Required work: Without pictures, repeat the lines of the entries from the one containing "Moosup River Solo" through the last, both ends included, and nothing else.

===

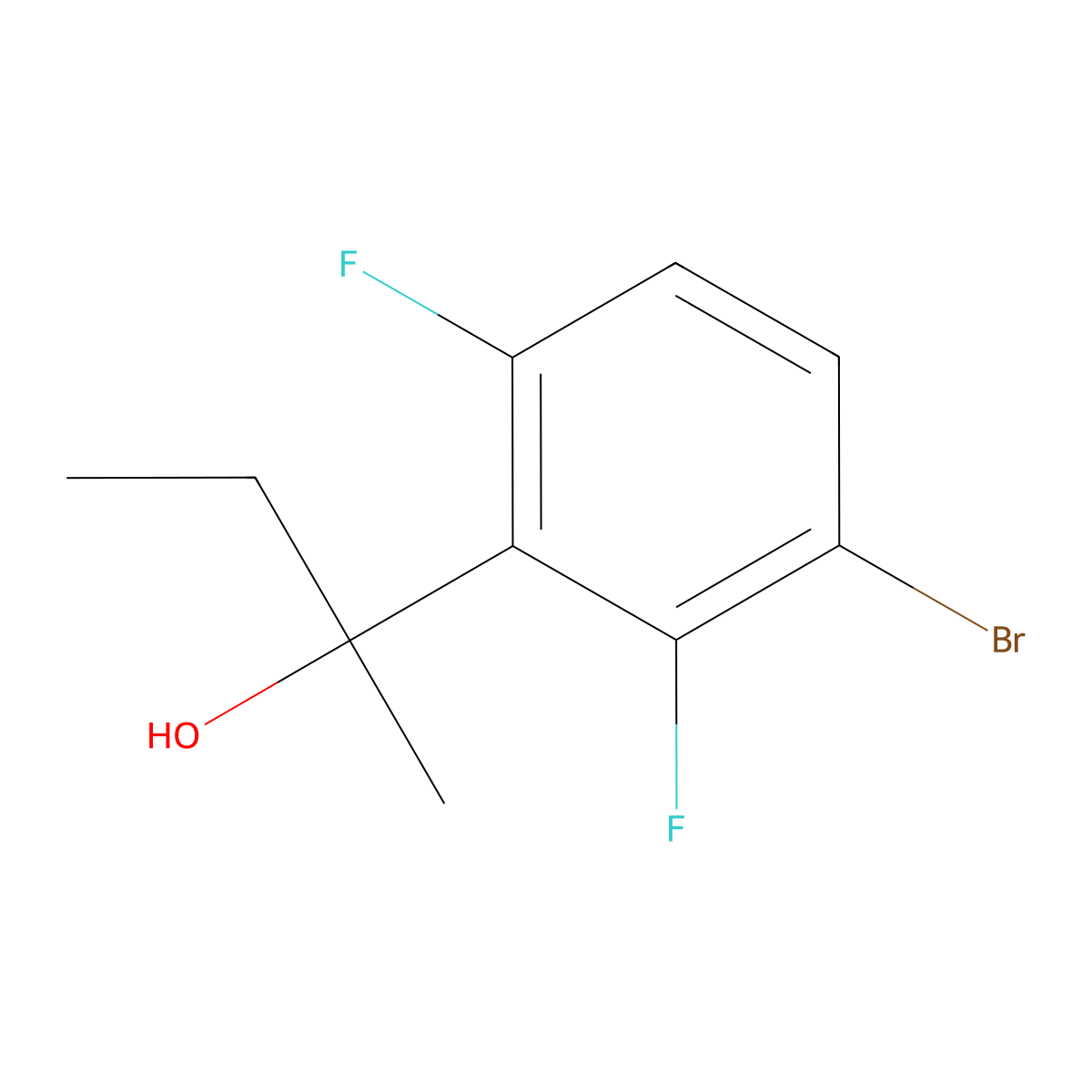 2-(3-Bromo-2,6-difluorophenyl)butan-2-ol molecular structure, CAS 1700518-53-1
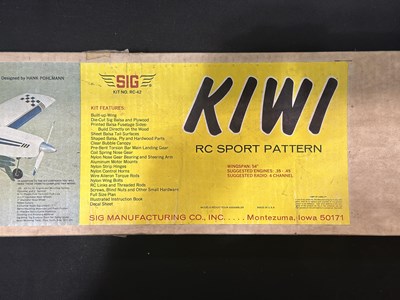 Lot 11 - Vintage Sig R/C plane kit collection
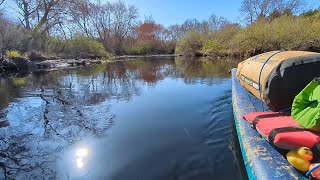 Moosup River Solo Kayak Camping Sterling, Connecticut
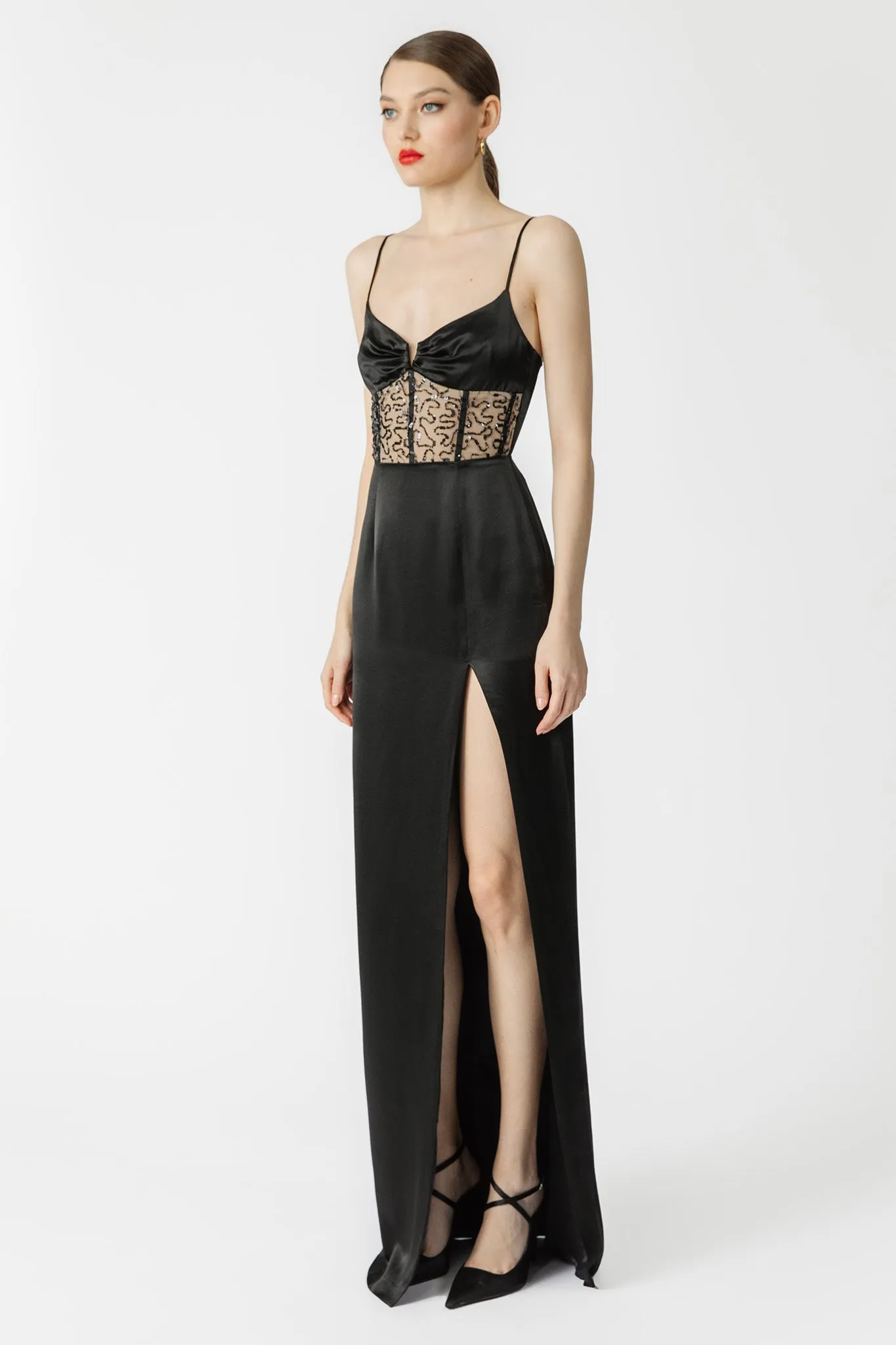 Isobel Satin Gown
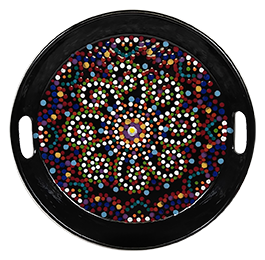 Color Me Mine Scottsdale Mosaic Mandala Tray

===

Completed exercise:
 Moosup River Solo Kayak Camping Sterling, Connecticut
 Isobel Satin Gown
 Color Me Mine Scottsdale Mosaic Mandala Tray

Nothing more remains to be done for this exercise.